Fonte:  Renovables Verdes

 

Perù: il reportage su chi si oppone alle multinazionali

Il progetto di reportage sulla lotta tra il popolo di Cajamarca, nel nord del Perù, e gli interessi economici della multinazionale Yanacocha, si è aggiudicato il finanziamento nell’ambito del bando Dev Reporter Network promosso dal Consorzio delle Ong Piemontesi. Il Cambiamento ha sostenuto gli autori, Simona Carnino e Luciano Gorriti Robles mettendosi a disposizione per la diffusione del lavoro una volta terminato.maxima_peru

Un giornalismo militante, vero, “in loco”, che racconterà “dal basso” la storia di un popolo (e di una donna) che sta lottando per i suoi diritti. A portare avanti il progetto sono Simona Carnino e Luciano Gorriti Robles; lo hanno presentato al Consorzio delle Ong Piemontesi partecipando al bando Dev Reporter Network e hanno vinto. Partiranno a luglio e Il Cambiamento si è impegnato, sostenendoli da subito, a dare ampia e adeguata diffusione al lavoro una volta che sarà terminato. Si intitolerà “Aguas de oro”.

Verranno prodotti un reportage video di 15 minuti e un reportage scritto corredato di fotografie.

La storia è quella di Máxima Acuña Chaupe e della sua resistenza nei confronti di Yanacocha, multinazionale mineraria (51% della Newmont Corporation, 44% Buenaventura-Perù, 5% International Finance Corporation-World Bank) proprietaria della più grande miniera di oro e rame del Sud America. Yanacocha vuole acquistare la terra di Maxima, strategica per il prossimo ampliamento della miniera d’oro di sua proprietà (progetto Conga). La donna si rifiuta. Nel 2011 Yanacocha ha diffuso la notizia che Maxima gli avesse già venduto la terra, accusandola di usurpazione. In seguito a un processo penale, a dicembre 2014 Maxima ha vinto la causa. Yanacocha ha rifiutato la sentenza e ha proceduto al ricorso in Cassazione. La vicenda giuridica è giunta questo punto.

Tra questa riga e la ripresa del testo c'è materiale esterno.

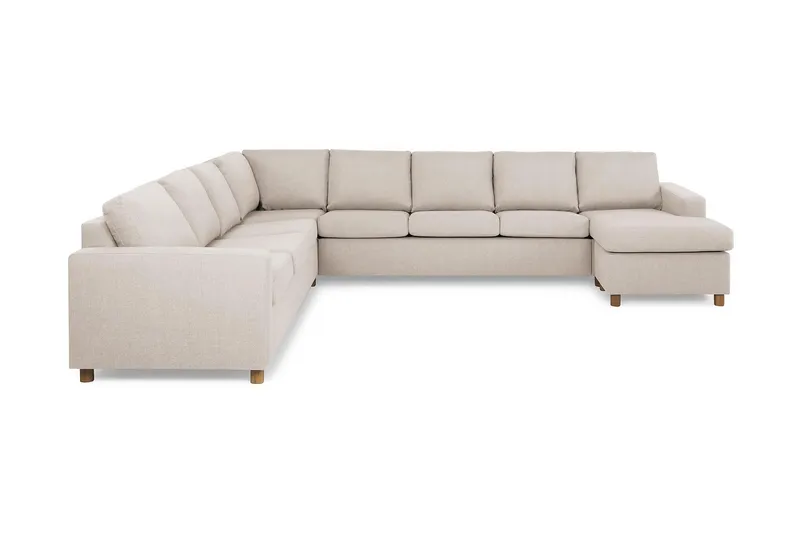 Crazy 7-sits Högervänd U-formad XX-Large Hörnsoffa med divan i Tyg - Beige (Art.nr 139259) — Beige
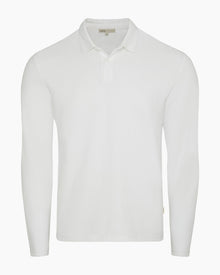 Mens | Long Sleeve Pique Polo | White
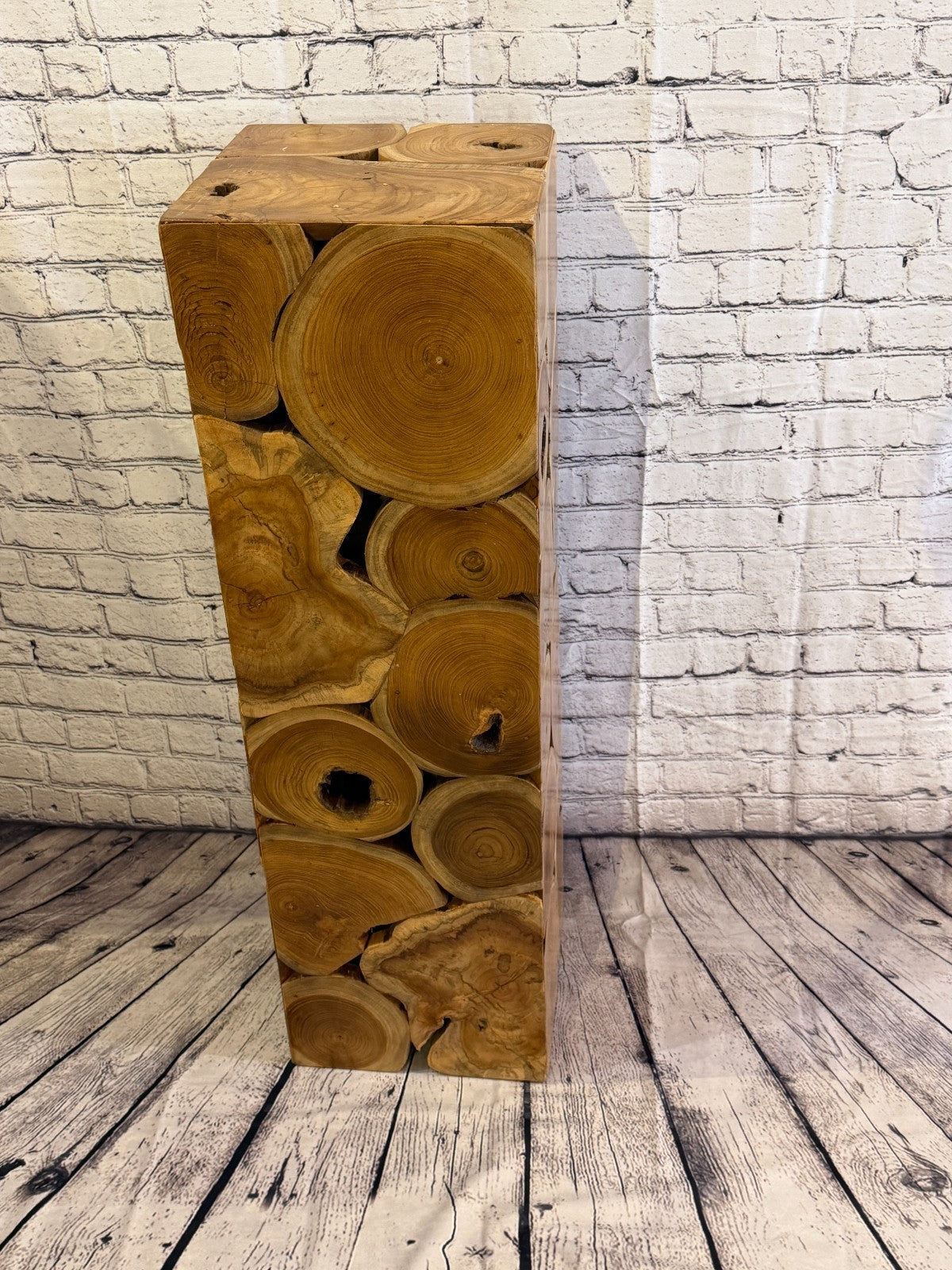 100cm x 30cm x 30cm Wooden Teak Wood Slice Cube Table Sculpture Root Ornament1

QUI il resoconto di quanto accaduto

Maxima continua a vivere in condizioni di oppressione e intimidazione: sola nel suo campo, minacciata dalle forze della polizia che si sono piazzate davanti a casa sua con un avamposto permanente. «Ci focalizzeremo sul tema della violenza da parte della polizia e dello Stato, sul diritto all’acqua e a un ambiente incontaminato,  landgrabbing e autodeterminazione dei popoli – spiega Simona – Proveremo a parlare del modello di sviluppo promosso dai contadini di Cajamarca, che li accomuna ai valori espressi da altri gruppi umani coinvolti in conflitti ambientali in altre zone geografiche. Lo faremo anche insieme a Hugo Blanco, leader della riforma agraria peruviana, che ho conosciuto ultimamente e ha dimostrato interesse ad apparire nel reportage. Proveremo a parlarne anche con Yanacocha. Prima di tutto per capire qual è il mercato d’oro che stanno alimentando. Dove va quest’oro? E il rame? Cercheremo di far emergere una riflessione su quali devono essere gli obiettivi e i limiti alla base di scelte economiche. In questa fase, stiamo approfondendo il tema anche insieme agli Ingegneri Senza Frontiere del Politecnico di Torino, che stanno collaborando all’analisi degli studi ambientali e alla riflessione sugli obiettivi dello sviluppo. Chi deve essere il destinatario ultimo dell’innovazione tecnica?».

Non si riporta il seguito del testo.